Work instruction: Output word for word the lines from the one with "Meow Sir - Árbol" to the final line of the data, both ends included, but skip the pictures.

(Items listed in a dataset)
+ + + +

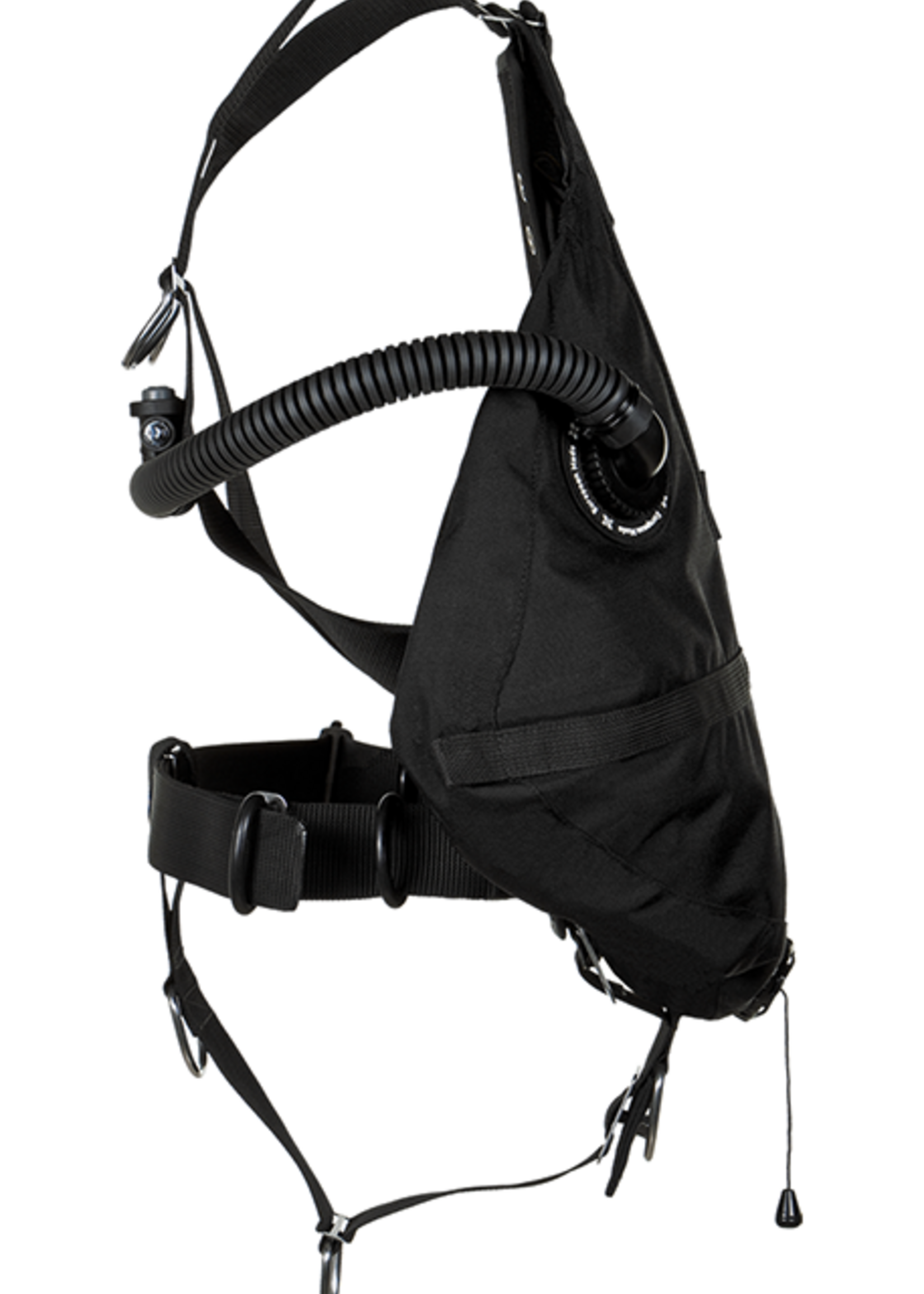 XDEEP Stealth 2.0 Sidemount wing TEC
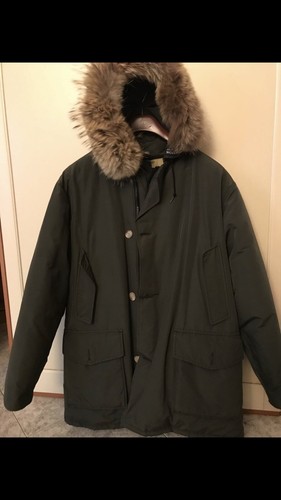 Woolrich artic parka taglia - artic,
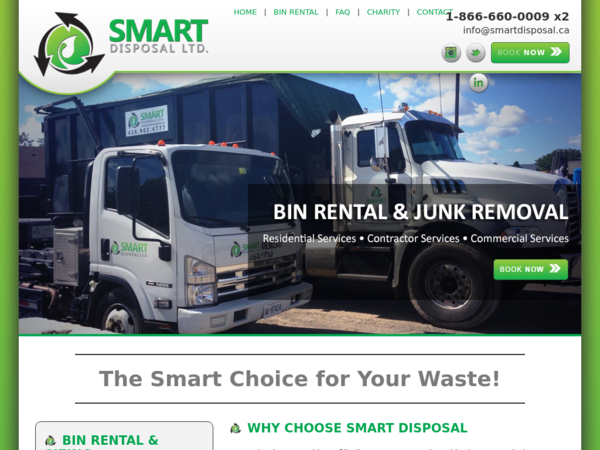 Smart Disposal Ltd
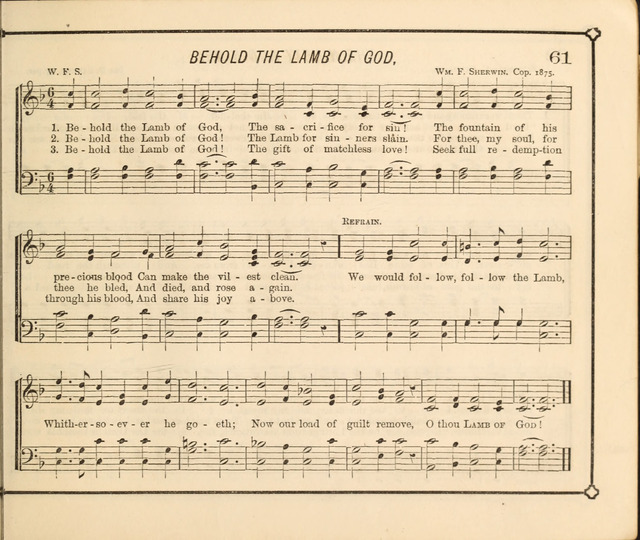 Calvary Songs page 59
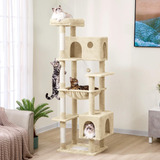 Meow Sir - Árbol Grande Para Gatos Grandes De 70 Pulgadas,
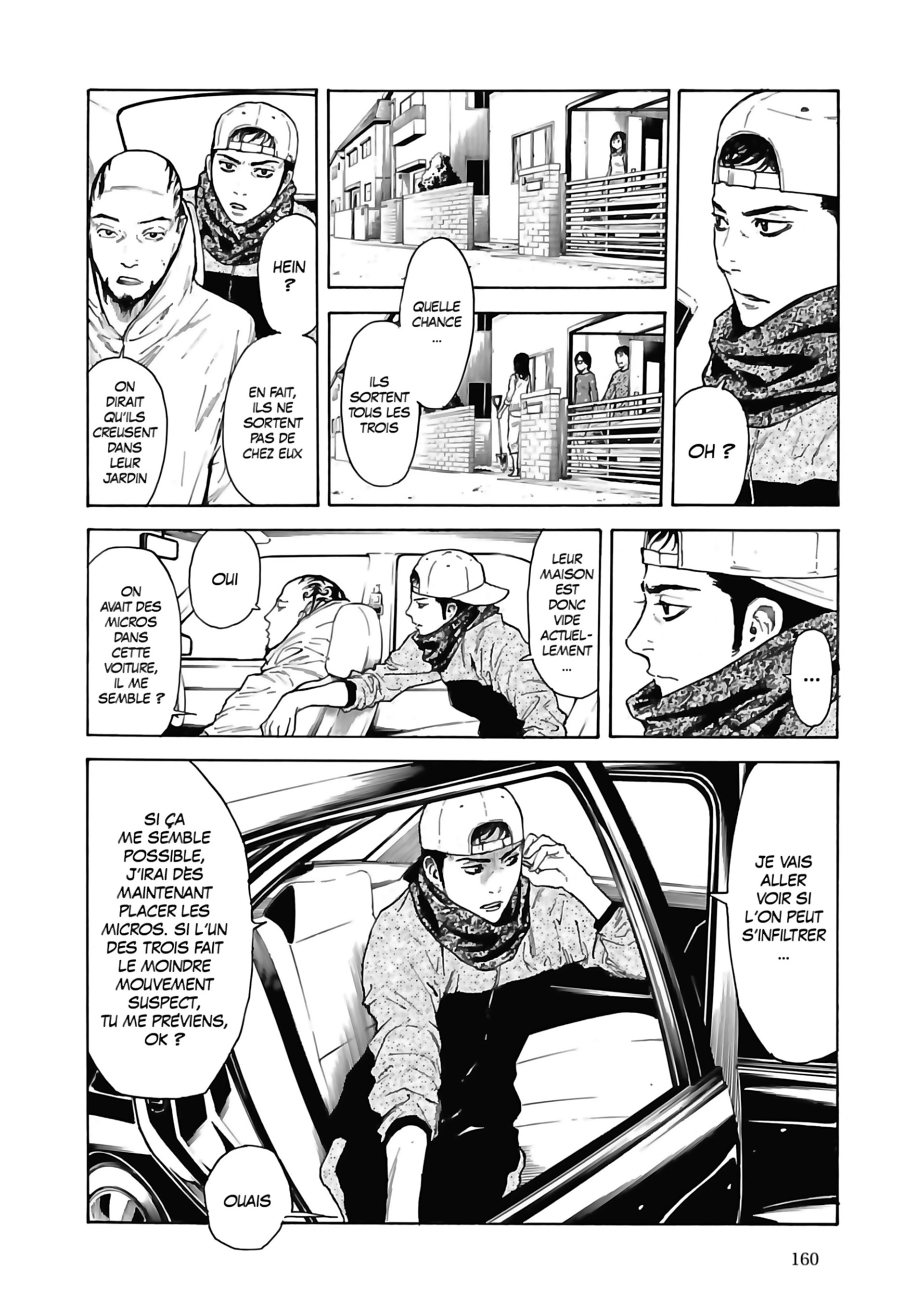 Read My Home Hero FR Manga Online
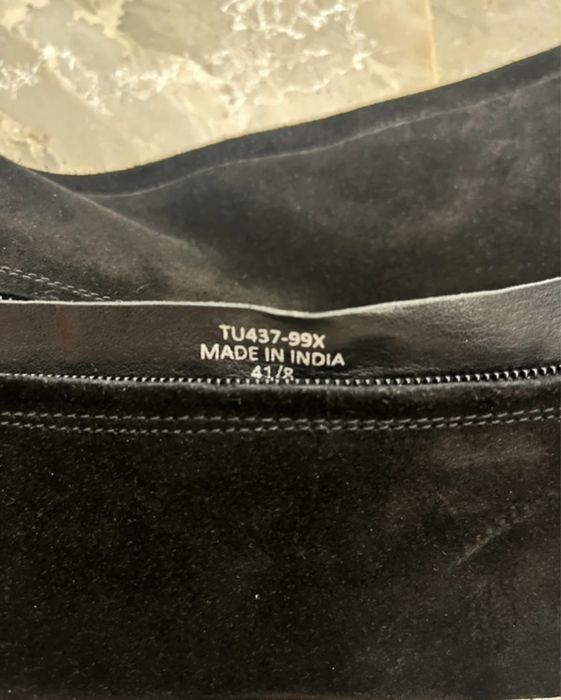 Cizme de piele Reserved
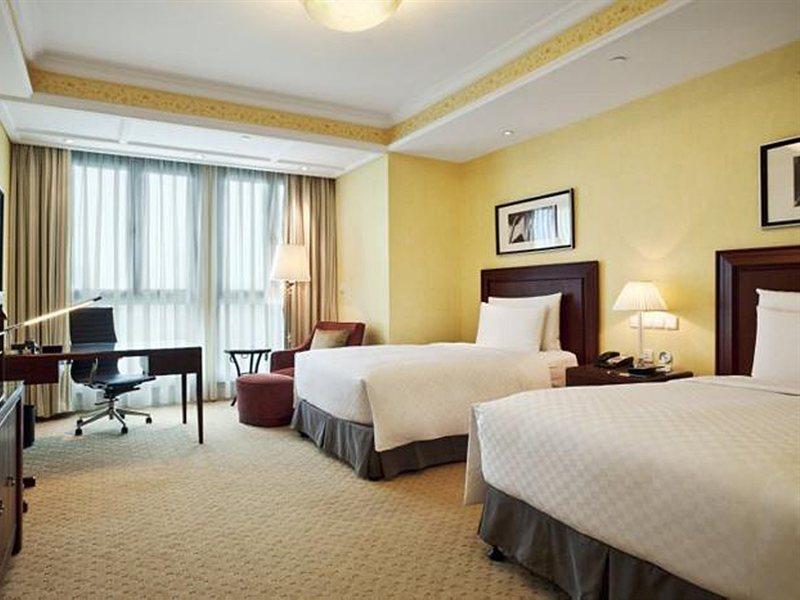 Parkline Century Park Hotel Shanghai Luaran gambar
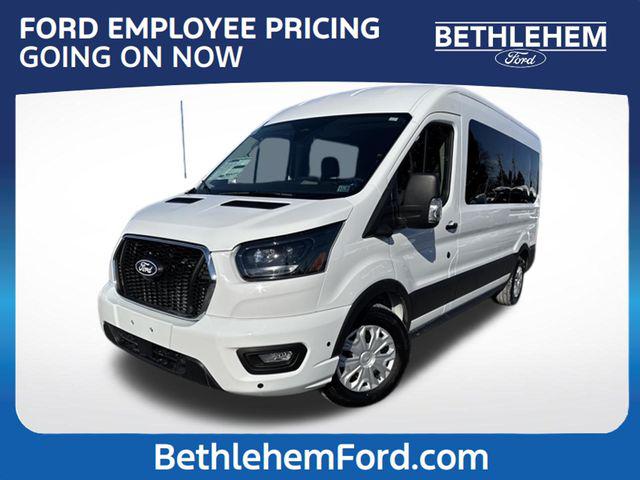New 2026 Ford Transit-350 XLT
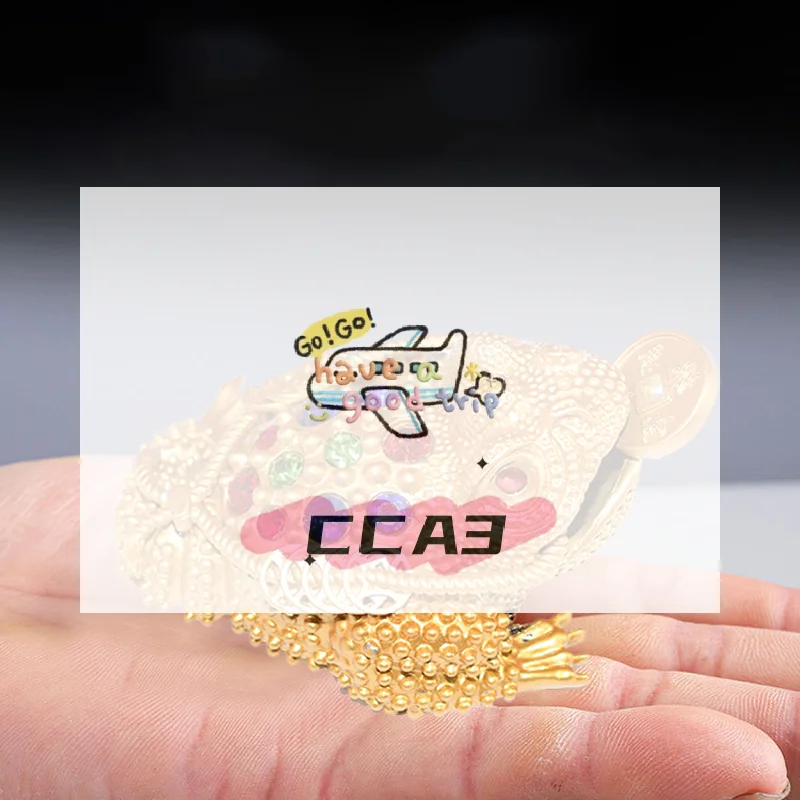 

Золотой цвет, денежная лягушка, статуя фэн-шуй, трехногая богатство, жаба, золотая фигурка, удача, удача, удача, лягушка, домашний офис, декор, подарки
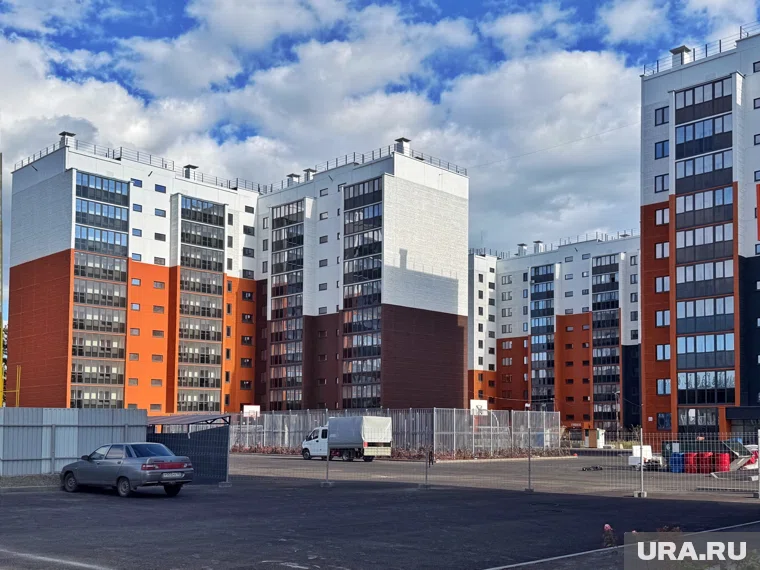 Курган стал лидером по росту цен на новостройки в августе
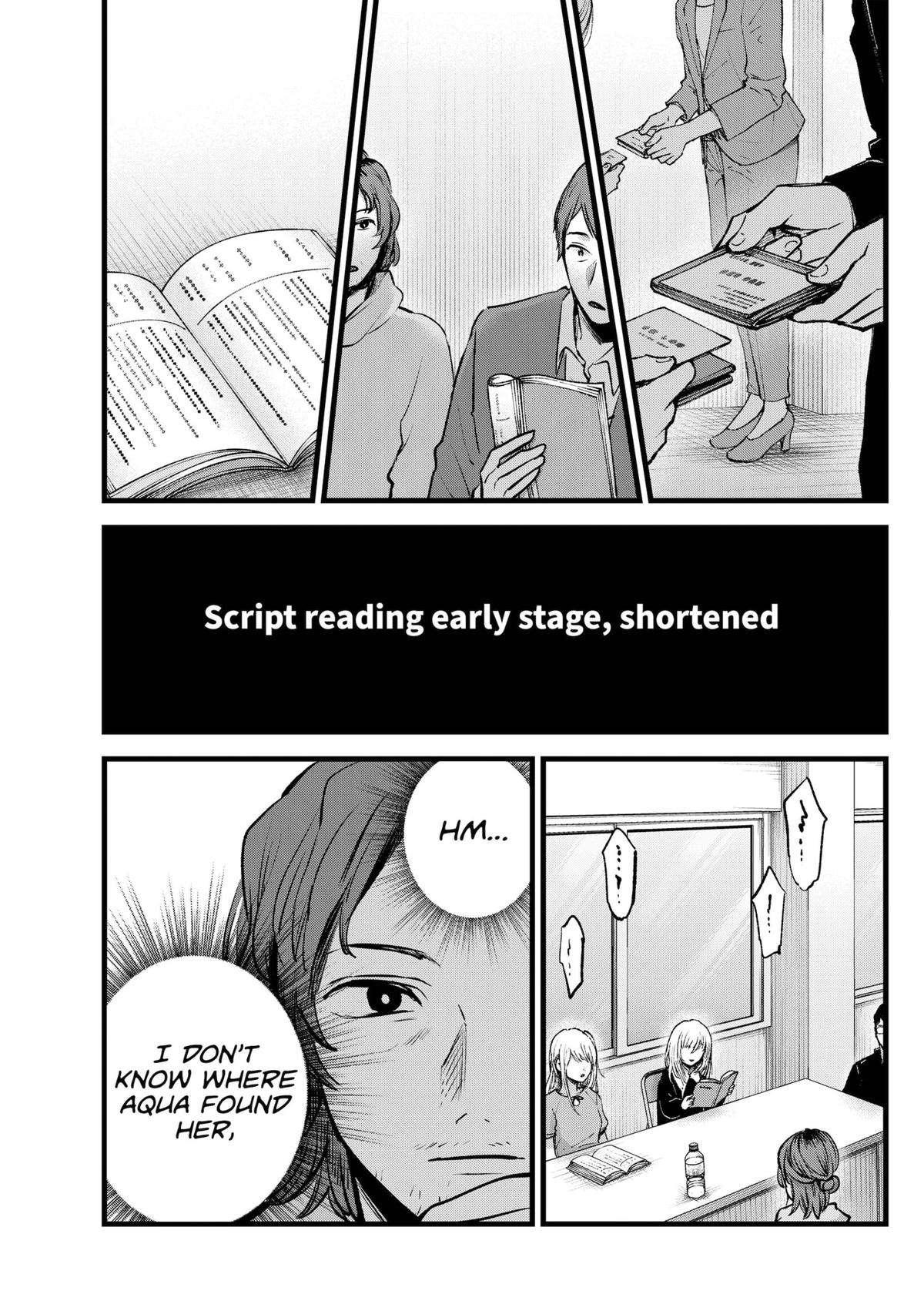[Oshi No Ko] Chapter 128 - Page 9
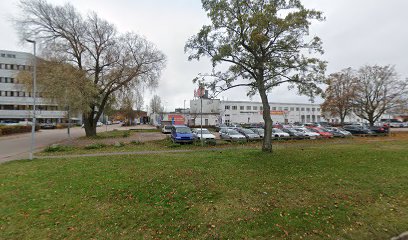 Halmstads Kommun Charging Station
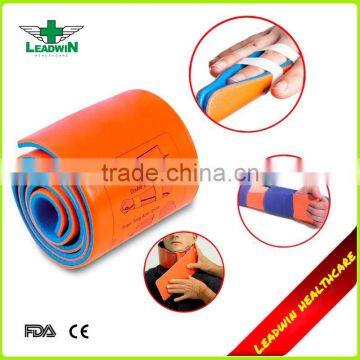 First Aid Use Finger Stabilizer Splint
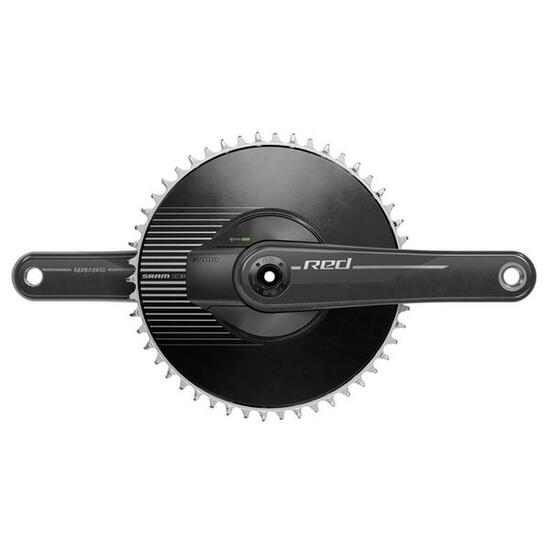 SRAM RED 1 AXS E1 Powermeter Crankset 1675 mm.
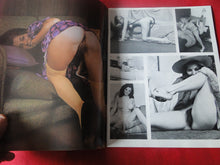 Load image into Gallery viewer, Vintage Nude Erotic Sexy Adult Magazine Harem 1971 P84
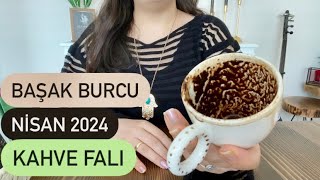 Başak Burcu Sihirli Değnek Dokunuyor Herşey Net Olacak Başak burcu kahve falı [upl. by Atirat]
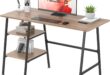 Exploring the VECELO 43-Inch Desk: Style Meets Functionality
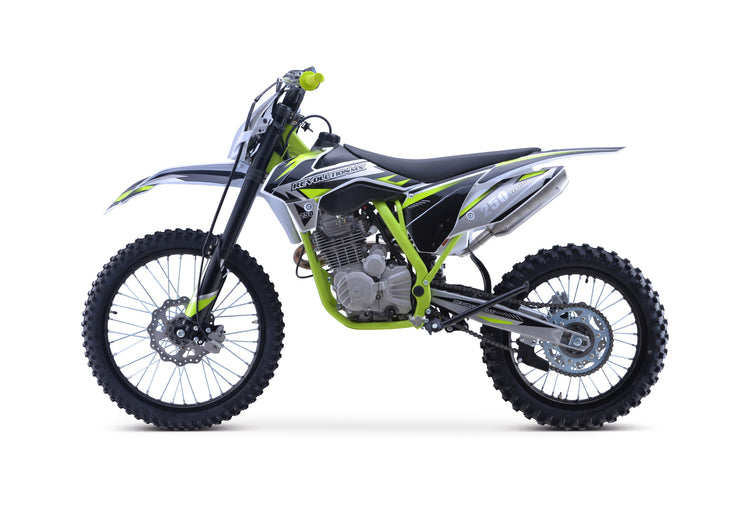 PARTS 250cc PRO LITE S1 & S2 bike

+ + + +

Solution below:
 Meow Sir - Árbol Grande Para Gatos Grandes De 70 Pulgadas,
 Read My Home Hero FR Manga Online
 Cizme de piele Reserved
 Parkline Century Park Hotel Shanghai Luaran gambar
New 2026 Ford Transit-350 XLT

Золотой цвет, денежная лягушка, статуя фэн-шуй, трехногая богатство, жаба, золотая фигурка, удача, удача, удача, лягушка, домашний офис, декор, подарки
 Курган стал лидером по росту цен на новостройки в августе
[Oshi No Ko] Chapter 128 - Page 9
 Halmstads Kommun Charging Station
 First Aid Use Finger Stabilizer Splint
 SRAM RED 1 AXS E1 Powermeter Crankset 1675 mm.
 Load image into Gallery viewer, Vintage Nude Erotic Sexy Adult Magazine Harem 1971 P84
 Başak Burcu Sihirli Değnek Dokunuyor Herşey Net Olacak Başak burcu kahve falı [upl. by Atirat]
 Exploring the VECELO 43-Inch Desk: Style Meets Functionality
 PARTS 250cc PRO LITE S1 & S2 bike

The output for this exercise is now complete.